Make a new start by stopping your marketing automation campaign in time

Am I hearing you right? Stopping a campaign? Indeed. Let’s illustrate our statement by an example. Imagine that Pinterest sends the following welcome campaign to her new subscribers:

Day 1: Welcome!
Day 2: Here some nice boards to follow
Day 3: Create your first board!
Day 4: How to share your board with other Pinteresters?

And now imagine that that same Pinterester has followed nice boards, has created his first board and has shared his board with the audience all on day 1? Then all of a sudden your whole campaign becomes irrelevant. Even more, you create a negative user experience. The last thing a marketer wants is to blunder in front of his contacts. In this article you discover how you can take into account the behaviour of new subscribers and how you can put your marketing campaign to a stop in time.

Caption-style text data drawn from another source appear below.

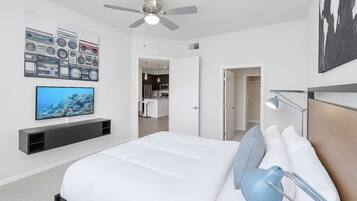 2 bedrooms, iron/ironing board, WiFi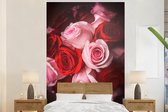 Behang - Fotobehang Een close-up van een boeket van roze en rode rozen - Breedte 170 cm x hoogte 260 cm
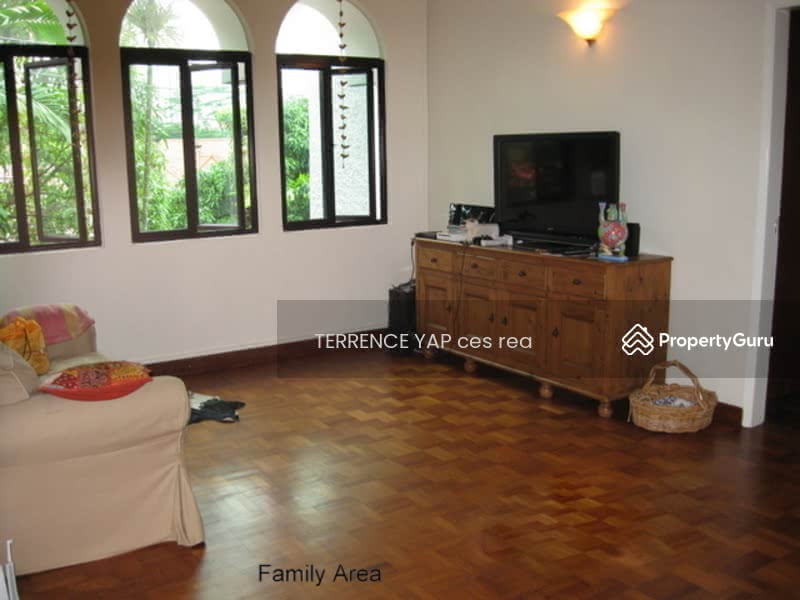 UPSTAIRS FAMILY AREA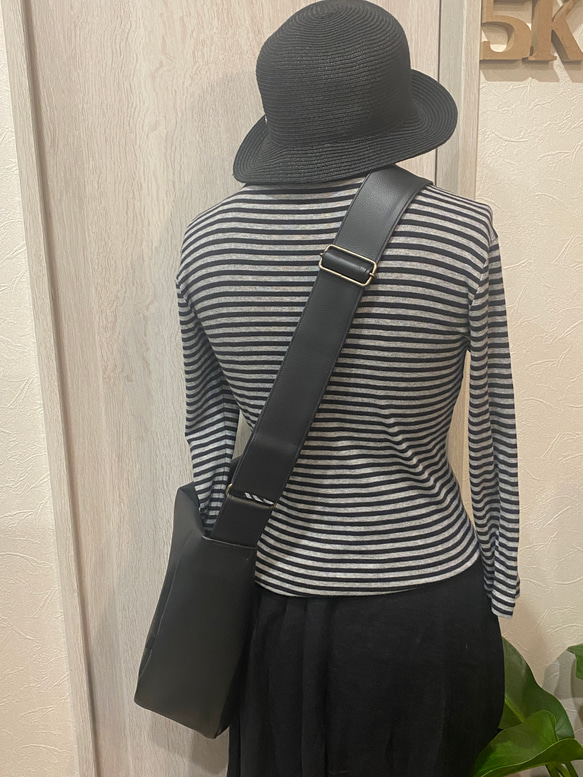 ブラック 撥水 次世代レザー２WAYショルダーバッグ、Mサイズ（ファスナー）雨でもヘビロテ！ 3枚目の画像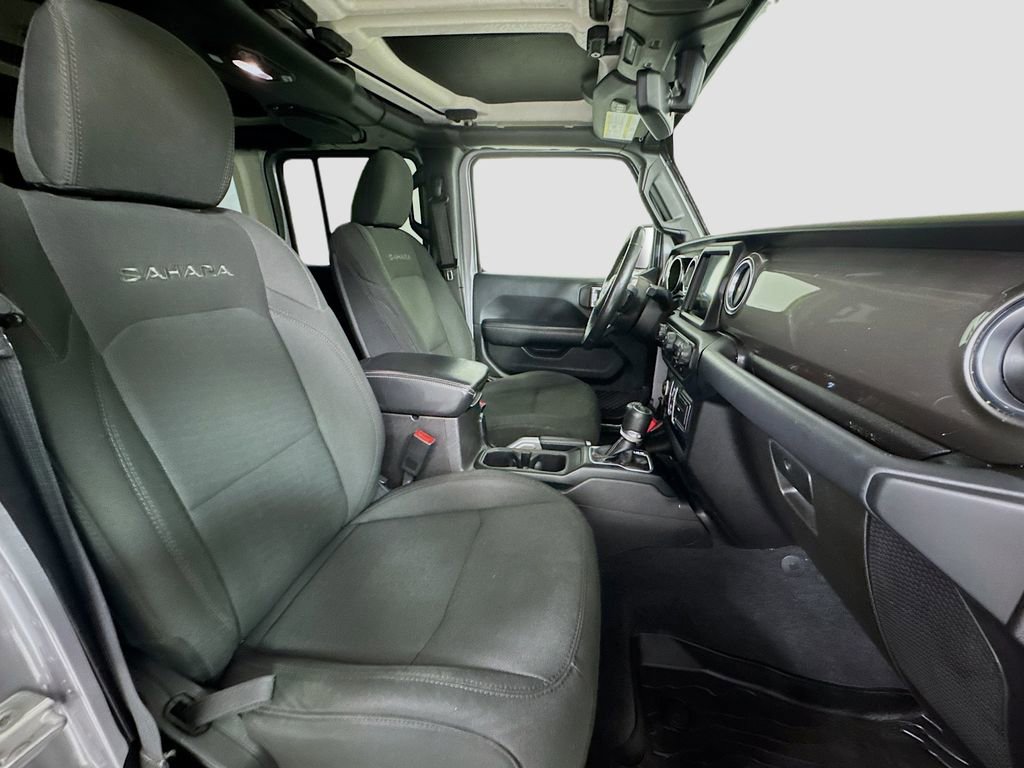 Used 2018 Jeep Wrangler Unlimited Sahara w/ Uconnect 4C Nav & Sound Group image 27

Marketing automation is the way to reduce the load of the e-marketer. It represents all the campaigns that are triggered by the actions of your recipient. Where following up the contacts used to require a lot of manual work, it’s now a fully automatic process. Outlining your scenario once and the contacts will automatically seep through the different steps. Moreover, it’s a great way to create engagement with your receivers. 

One tip: let the users lead the way of your campaign. See the first newsletter as the root of your marketing campaign, but make sure you provide sufficient branches so that every user can walk his own path.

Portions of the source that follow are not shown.